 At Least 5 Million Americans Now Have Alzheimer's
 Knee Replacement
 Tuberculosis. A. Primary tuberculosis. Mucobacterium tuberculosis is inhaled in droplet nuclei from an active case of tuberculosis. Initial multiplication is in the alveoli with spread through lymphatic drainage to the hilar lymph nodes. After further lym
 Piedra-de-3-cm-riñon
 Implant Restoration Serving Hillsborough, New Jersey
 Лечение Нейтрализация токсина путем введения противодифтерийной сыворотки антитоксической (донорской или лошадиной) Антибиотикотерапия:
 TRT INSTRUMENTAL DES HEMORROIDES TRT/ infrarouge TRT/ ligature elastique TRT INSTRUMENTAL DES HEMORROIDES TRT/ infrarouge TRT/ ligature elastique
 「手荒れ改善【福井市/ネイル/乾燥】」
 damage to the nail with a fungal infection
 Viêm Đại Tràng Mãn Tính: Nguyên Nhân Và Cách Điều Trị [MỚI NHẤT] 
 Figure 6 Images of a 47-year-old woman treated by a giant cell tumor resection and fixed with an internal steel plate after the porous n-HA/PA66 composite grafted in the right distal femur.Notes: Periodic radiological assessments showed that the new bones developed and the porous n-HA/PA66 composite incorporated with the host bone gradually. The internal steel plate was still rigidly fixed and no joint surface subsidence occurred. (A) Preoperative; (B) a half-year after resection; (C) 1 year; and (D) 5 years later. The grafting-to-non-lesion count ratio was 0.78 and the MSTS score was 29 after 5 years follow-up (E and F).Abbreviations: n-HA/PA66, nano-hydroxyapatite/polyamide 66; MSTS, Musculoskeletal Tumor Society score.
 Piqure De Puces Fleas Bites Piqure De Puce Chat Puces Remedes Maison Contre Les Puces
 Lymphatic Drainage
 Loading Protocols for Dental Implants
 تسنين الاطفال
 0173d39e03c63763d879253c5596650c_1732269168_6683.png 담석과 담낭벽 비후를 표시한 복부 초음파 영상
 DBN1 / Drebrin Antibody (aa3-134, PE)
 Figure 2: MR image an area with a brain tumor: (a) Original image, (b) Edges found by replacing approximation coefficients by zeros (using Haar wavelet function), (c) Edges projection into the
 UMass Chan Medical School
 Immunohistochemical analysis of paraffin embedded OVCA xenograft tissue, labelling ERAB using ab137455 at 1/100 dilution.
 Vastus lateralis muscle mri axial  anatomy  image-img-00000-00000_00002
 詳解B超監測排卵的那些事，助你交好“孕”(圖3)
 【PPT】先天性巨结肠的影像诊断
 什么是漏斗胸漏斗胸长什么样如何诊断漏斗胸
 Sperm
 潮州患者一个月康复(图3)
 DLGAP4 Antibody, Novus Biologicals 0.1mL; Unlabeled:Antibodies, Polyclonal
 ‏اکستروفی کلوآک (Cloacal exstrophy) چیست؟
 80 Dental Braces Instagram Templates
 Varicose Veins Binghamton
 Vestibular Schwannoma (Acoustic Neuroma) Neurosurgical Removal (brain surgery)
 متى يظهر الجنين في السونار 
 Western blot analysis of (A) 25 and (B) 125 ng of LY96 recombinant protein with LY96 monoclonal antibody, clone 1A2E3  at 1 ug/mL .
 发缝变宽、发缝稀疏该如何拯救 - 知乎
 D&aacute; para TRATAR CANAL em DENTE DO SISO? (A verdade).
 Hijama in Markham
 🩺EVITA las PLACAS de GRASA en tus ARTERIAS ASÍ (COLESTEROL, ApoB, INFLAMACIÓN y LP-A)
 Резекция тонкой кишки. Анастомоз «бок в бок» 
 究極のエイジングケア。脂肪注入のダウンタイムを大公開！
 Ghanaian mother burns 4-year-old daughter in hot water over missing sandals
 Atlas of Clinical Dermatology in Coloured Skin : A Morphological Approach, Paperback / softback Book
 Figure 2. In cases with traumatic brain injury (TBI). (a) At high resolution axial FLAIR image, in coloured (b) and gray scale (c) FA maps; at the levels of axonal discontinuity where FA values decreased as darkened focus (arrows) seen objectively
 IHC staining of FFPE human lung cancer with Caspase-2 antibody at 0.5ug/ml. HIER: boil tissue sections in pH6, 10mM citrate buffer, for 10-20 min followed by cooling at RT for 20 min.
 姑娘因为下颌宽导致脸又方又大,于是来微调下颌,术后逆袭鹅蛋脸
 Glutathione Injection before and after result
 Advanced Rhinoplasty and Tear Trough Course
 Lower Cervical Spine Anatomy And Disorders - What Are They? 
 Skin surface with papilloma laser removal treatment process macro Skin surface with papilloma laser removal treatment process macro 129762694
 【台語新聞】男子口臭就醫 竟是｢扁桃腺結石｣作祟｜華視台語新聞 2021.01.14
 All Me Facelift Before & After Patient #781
* * *
[Task description]
The string "year" may appear in the lines of the records above. State how many lines contain it, with no other words.

[Answer for this exercise]
2